Your observation: The model coefficients indicate how each predictor affects the log-odds of being classified as Good. The Duration has a positive coefficient. This seems that customers that have a longer credit duration are Good customers. # Task 3: Find Optimal Probability Cut-off, with weight_FN = 1 and weight_FP = 1. (20pts)

1. Use the training set to obtain predicted probabilities.

train_pred_probs_gc <- predict(model_gc_logit, newdata = train_data, type = "response")

# Check the first few predicted probabilities
head(train_pred_probs_gc)
##         1         2         3         4         5         7 
## 0.9484830 0.2779603 0.9822123 0.6263646 0.1067110 0.9223900

Your observation:

The predicted probabilities represent how likely each customer is to be classified as Good based on the fitted logistic model. Values close to 1 indicate high likelihood of Good credit, and values near 0 suggest Bad credit.

2. Find the optimal probability cut-off point using the MR (misclassification rate) or equivalently the equal-weight cost.

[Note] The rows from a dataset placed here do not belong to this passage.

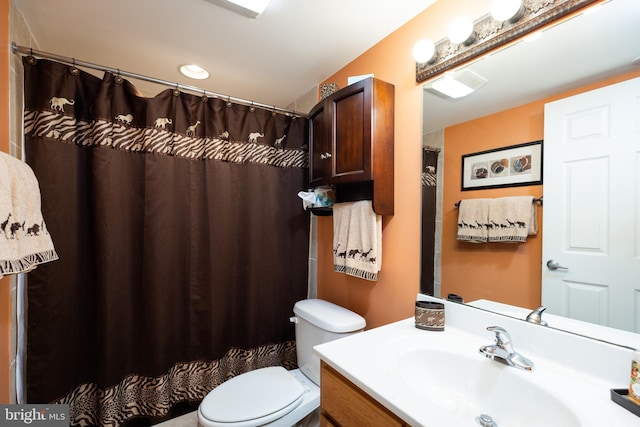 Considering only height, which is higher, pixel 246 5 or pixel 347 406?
pixel 246 5

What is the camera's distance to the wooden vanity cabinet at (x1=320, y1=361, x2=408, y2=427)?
66 centimetres

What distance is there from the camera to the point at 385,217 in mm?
1373

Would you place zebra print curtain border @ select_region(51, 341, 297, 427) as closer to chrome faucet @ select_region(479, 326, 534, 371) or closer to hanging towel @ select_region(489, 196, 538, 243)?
chrome faucet @ select_region(479, 326, 534, 371)

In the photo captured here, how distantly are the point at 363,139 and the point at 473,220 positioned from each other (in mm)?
594

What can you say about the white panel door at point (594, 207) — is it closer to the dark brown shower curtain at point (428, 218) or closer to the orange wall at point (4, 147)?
the dark brown shower curtain at point (428, 218)

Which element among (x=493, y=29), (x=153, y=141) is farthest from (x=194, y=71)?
(x=493, y=29)

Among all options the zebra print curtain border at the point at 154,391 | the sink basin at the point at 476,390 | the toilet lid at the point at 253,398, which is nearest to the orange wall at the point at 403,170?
the sink basin at the point at 476,390

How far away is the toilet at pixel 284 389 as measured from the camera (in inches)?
43.8

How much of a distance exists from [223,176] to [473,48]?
4.58 ft

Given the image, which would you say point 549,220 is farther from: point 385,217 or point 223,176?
point 223,176

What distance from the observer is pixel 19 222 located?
856mm

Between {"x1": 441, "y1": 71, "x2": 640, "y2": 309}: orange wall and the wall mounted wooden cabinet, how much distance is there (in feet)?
0.89

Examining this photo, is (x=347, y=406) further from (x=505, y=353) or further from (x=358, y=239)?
(x=358, y=239) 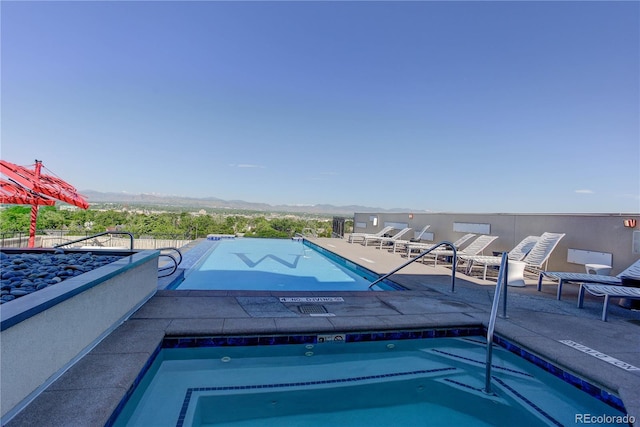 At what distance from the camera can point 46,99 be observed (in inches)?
609

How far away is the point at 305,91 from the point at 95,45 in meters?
10.7

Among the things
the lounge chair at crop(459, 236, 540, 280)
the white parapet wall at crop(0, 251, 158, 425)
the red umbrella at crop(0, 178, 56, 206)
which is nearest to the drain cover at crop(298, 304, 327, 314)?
the white parapet wall at crop(0, 251, 158, 425)

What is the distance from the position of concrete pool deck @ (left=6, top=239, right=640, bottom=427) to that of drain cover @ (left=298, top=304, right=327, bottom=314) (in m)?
0.08

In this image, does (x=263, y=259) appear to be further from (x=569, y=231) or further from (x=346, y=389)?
(x=569, y=231)

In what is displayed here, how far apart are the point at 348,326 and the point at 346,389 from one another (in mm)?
664

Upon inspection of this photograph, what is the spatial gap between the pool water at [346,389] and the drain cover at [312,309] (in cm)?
56

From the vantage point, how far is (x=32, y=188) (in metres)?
8.95

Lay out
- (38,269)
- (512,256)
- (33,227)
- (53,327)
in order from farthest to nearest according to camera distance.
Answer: (33,227), (512,256), (38,269), (53,327)

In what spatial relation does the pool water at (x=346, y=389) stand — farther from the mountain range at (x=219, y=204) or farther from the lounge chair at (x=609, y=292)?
the mountain range at (x=219, y=204)

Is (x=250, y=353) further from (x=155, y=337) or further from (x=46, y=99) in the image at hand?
(x=46, y=99)

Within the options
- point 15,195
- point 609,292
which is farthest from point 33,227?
point 609,292

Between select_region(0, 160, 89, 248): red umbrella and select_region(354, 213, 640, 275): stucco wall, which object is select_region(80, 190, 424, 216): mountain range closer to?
select_region(0, 160, 89, 248): red umbrella

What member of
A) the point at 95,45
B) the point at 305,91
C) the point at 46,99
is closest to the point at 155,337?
the point at 95,45

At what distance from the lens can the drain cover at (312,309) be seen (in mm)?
3626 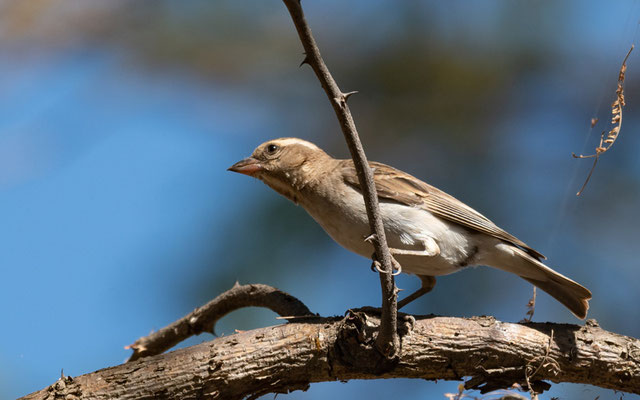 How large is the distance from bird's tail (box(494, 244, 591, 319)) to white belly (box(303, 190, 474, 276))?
29 cm

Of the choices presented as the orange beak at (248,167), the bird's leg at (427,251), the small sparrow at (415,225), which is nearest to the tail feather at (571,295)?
the small sparrow at (415,225)

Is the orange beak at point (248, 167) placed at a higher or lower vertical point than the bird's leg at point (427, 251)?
higher

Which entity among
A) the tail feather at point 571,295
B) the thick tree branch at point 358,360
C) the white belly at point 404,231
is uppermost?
the white belly at point 404,231

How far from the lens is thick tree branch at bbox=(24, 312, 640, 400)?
314 cm

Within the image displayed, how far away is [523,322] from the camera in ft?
11.6

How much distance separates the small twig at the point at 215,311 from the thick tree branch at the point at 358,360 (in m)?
0.50

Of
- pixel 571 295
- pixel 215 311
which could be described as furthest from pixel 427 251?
pixel 215 311

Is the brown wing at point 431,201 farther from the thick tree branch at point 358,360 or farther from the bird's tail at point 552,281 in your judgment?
the thick tree branch at point 358,360

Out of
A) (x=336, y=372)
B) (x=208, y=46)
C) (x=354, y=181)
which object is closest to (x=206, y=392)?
(x=336, y=372)

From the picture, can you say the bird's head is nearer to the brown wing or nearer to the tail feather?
the brown wing

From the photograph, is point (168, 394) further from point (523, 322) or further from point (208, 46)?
point (208, 46)

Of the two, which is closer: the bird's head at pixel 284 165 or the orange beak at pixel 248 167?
the bird's head at pixel 284 165

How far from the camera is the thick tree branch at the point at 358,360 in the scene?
10.3ft

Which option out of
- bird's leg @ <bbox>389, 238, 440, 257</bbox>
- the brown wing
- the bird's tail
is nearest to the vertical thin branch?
bird's leg @ <bbox>389, 238, 440, 257</bbox>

# Define a sequence of possible cutoff points
cutoff_values_gc <- seq(0.1, 0.9, by = 0.01)

# Function to calculate Misclassification Rate (MR) for each cutoff
calc_mr_gc <- function(cutoff) {
  predicted_class <- ifelse(train_pred_probs_gc >= cutoff, TRUE, FALSE)
  mean(predicted_class != train_data$Class)
}

# Apply function to all cutoff values
mr_results_gc <- sapply(cutoff_values_gc, calc_mr_gc)

# Find cutoff that gives the smallest MR
optimal_cutoff_gc <- cutoff_values_gc[which.min(mr_results_gc)]
optimal_cutoff_gc
## [1] 0.41

Your observation: There is a optimal cutoff of 0.41 which is less than 0.5.

Task 4: Model Evaluation (20pts)

1. Using the optimal probability cut-off point obtained in 3.2, generate confusion matrix and obtain MR for the the training set.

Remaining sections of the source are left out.